Work order.
In the material below, find the line containing "Szőlőfürtök a birtokon, napfényes" and the line containing "пейзаж север зима". Output those two lines and all lines between them exactly, without pictures.

Available data.
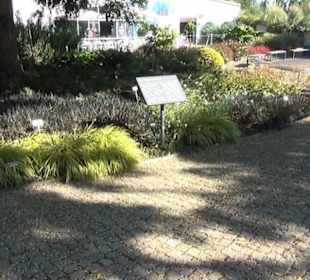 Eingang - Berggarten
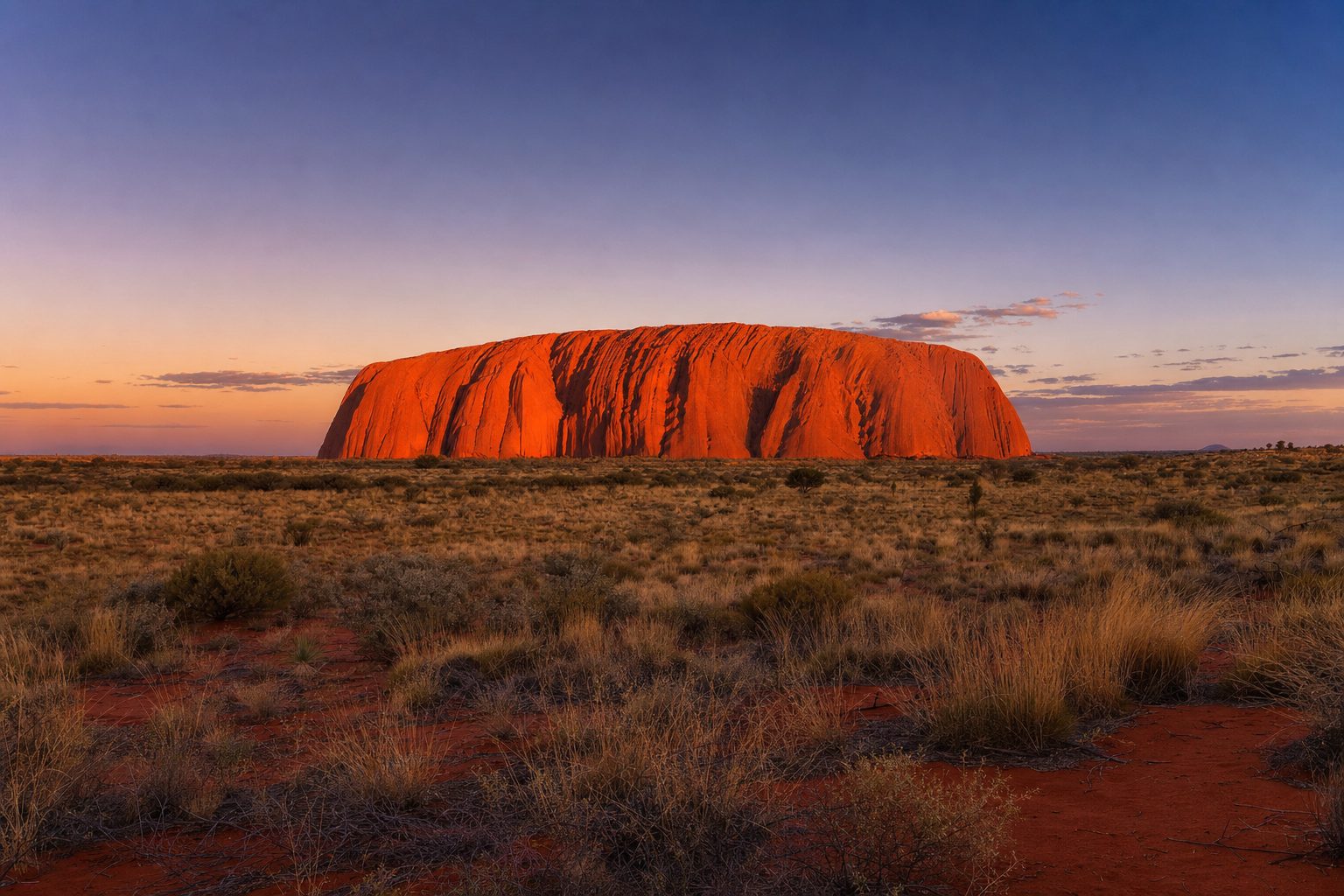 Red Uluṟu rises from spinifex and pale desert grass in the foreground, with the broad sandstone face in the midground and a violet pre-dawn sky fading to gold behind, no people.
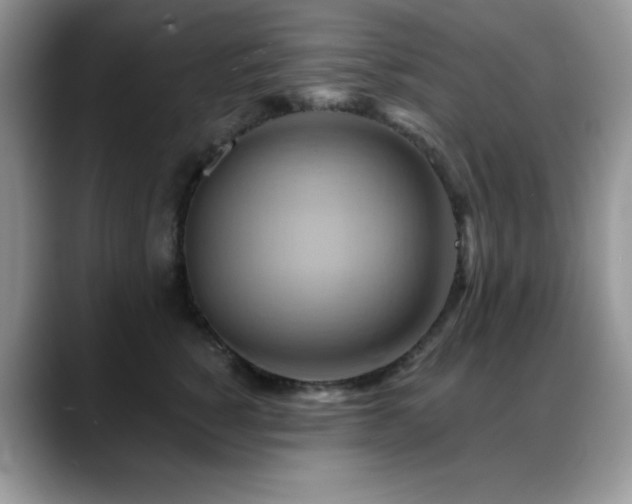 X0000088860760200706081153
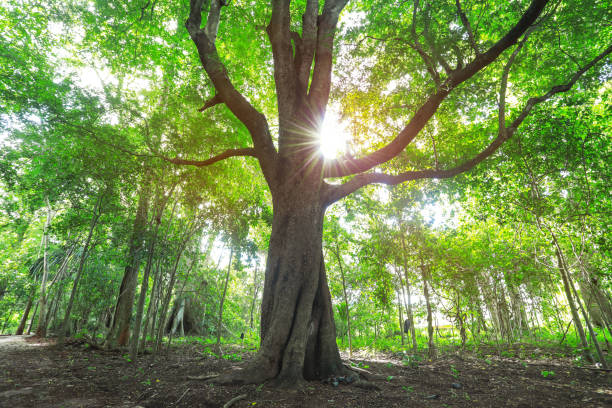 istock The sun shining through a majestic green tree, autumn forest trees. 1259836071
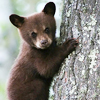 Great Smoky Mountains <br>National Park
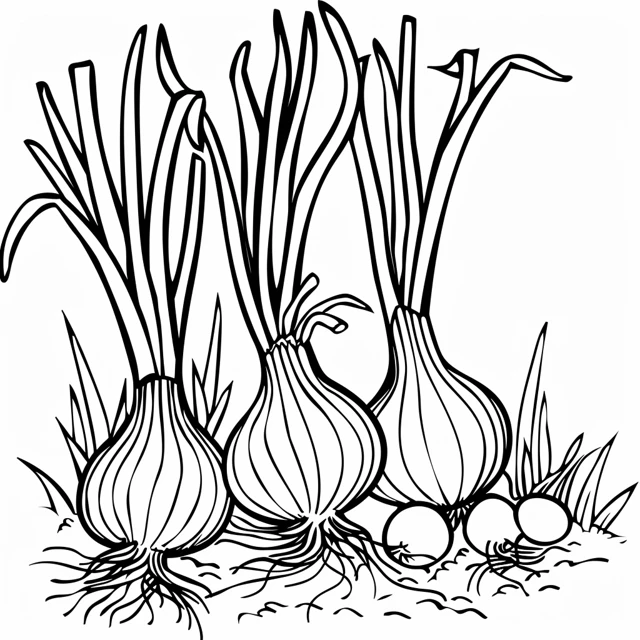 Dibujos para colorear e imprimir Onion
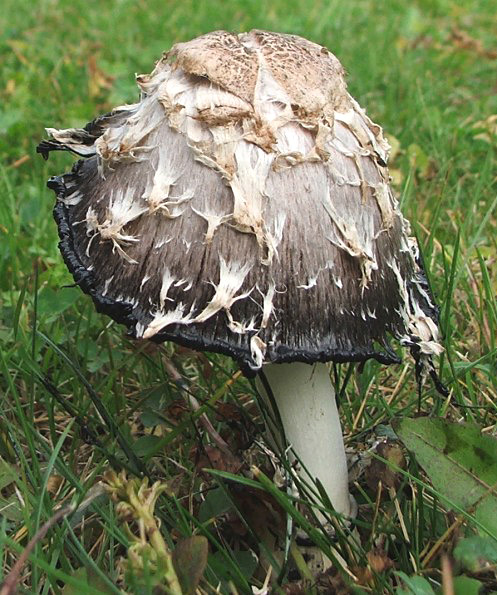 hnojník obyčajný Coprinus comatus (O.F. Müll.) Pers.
...
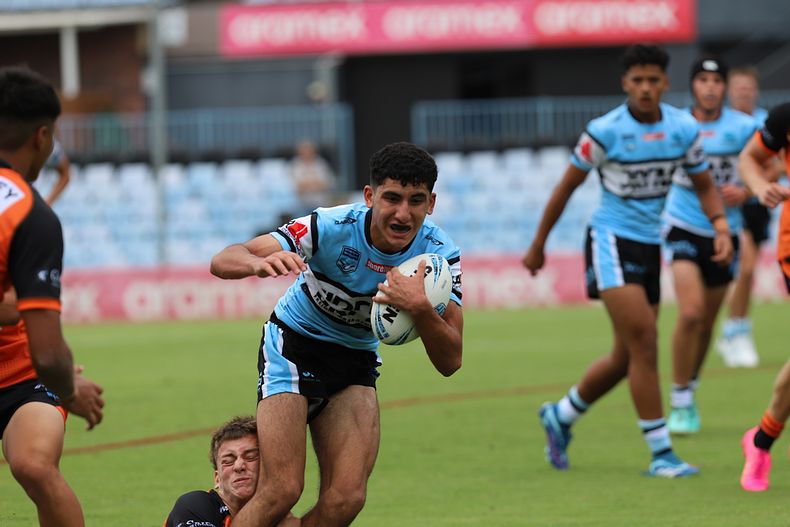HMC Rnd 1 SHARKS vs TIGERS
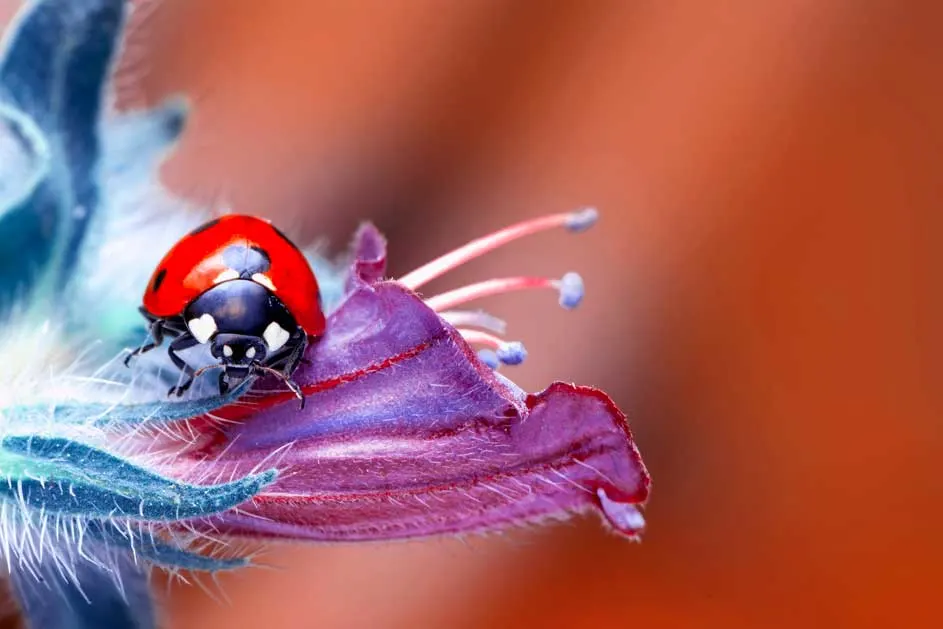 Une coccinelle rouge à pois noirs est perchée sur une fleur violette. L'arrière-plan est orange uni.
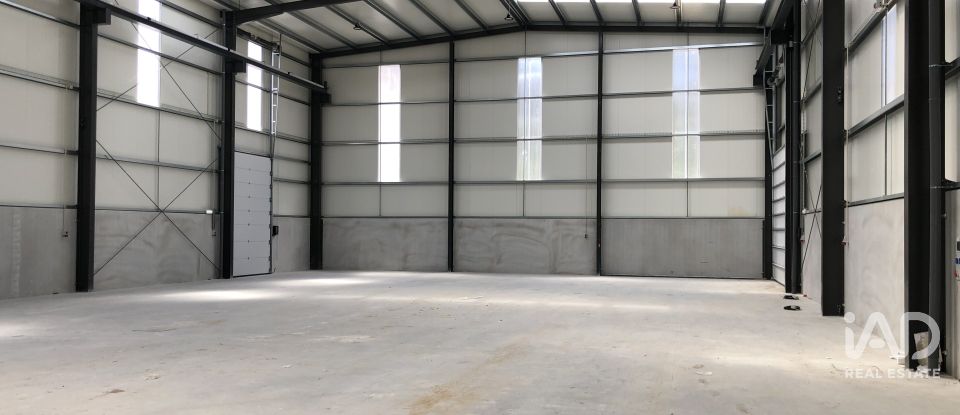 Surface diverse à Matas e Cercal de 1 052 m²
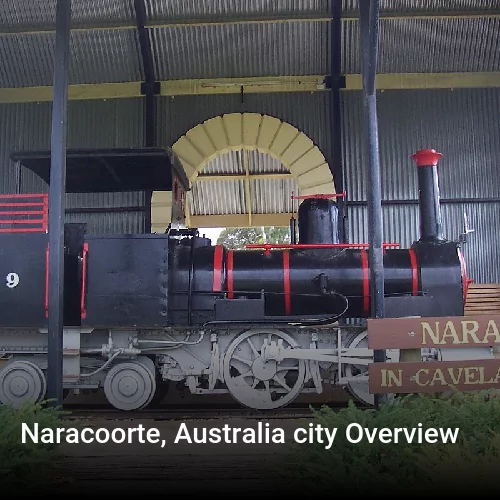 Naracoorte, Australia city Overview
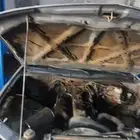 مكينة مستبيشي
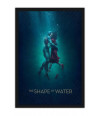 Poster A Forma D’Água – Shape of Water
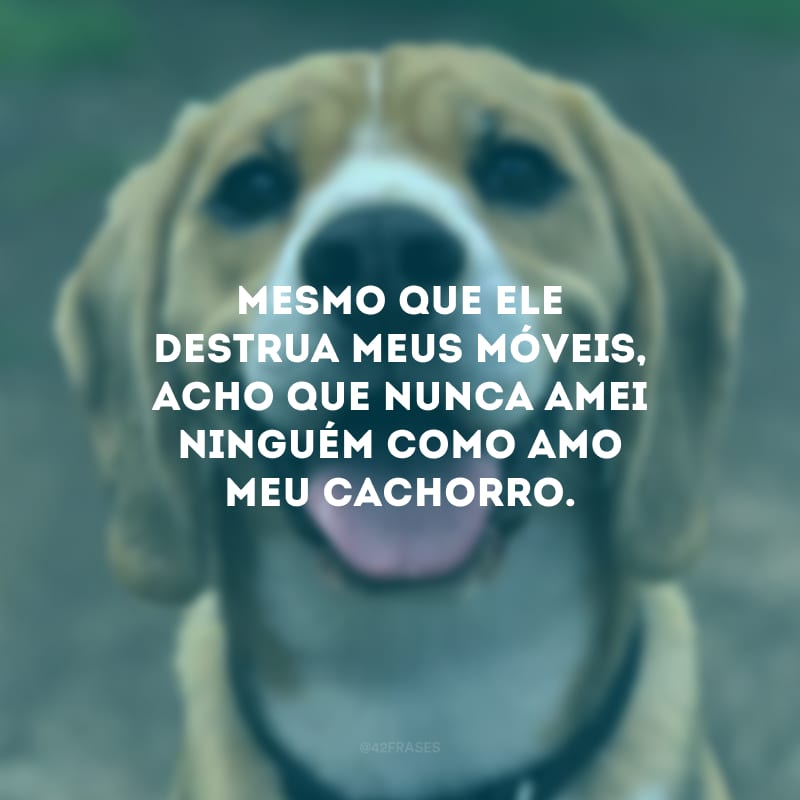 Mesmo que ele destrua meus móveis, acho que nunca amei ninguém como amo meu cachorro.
* * *
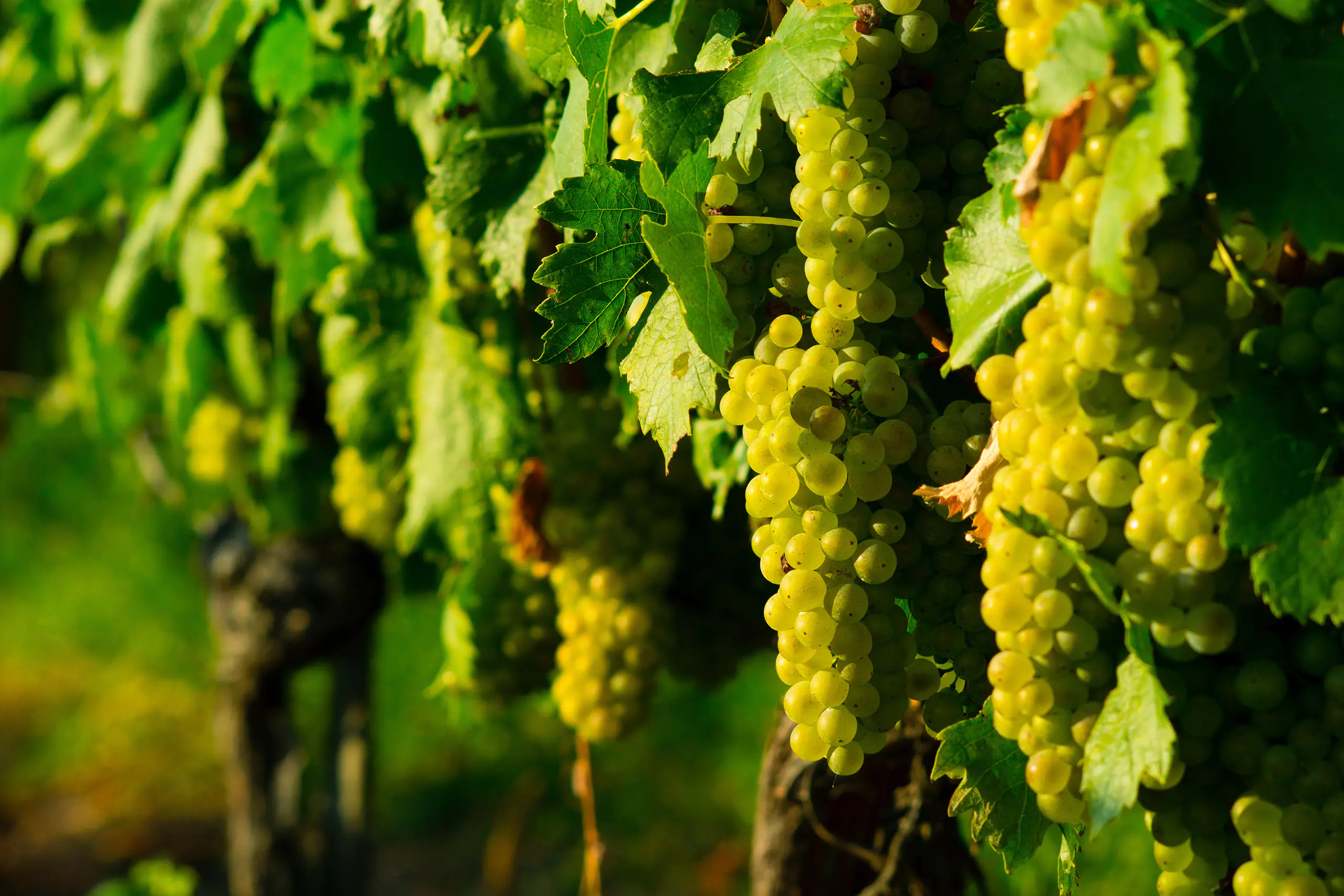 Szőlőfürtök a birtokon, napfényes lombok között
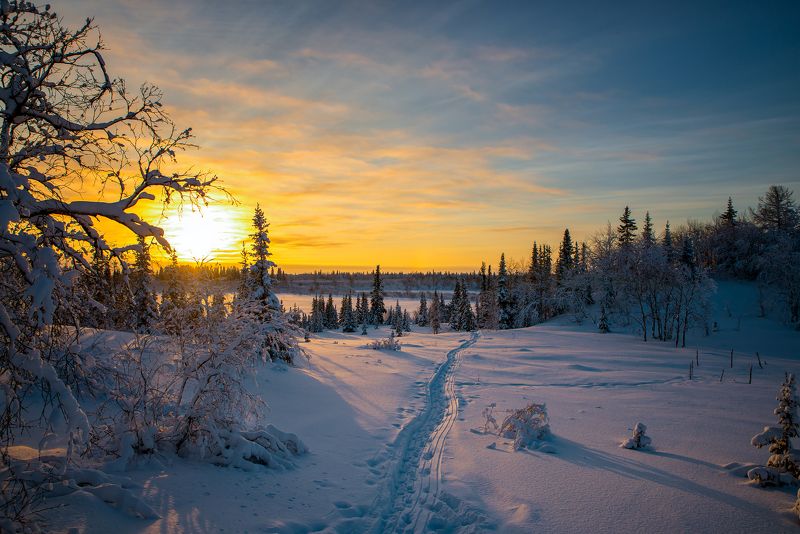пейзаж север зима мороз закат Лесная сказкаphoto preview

Solution for this problem.
 Szőlőfürtök a birtokon, napfényes lombok között
пейзаж север зима мороз закат Лесная сказкаphoto preview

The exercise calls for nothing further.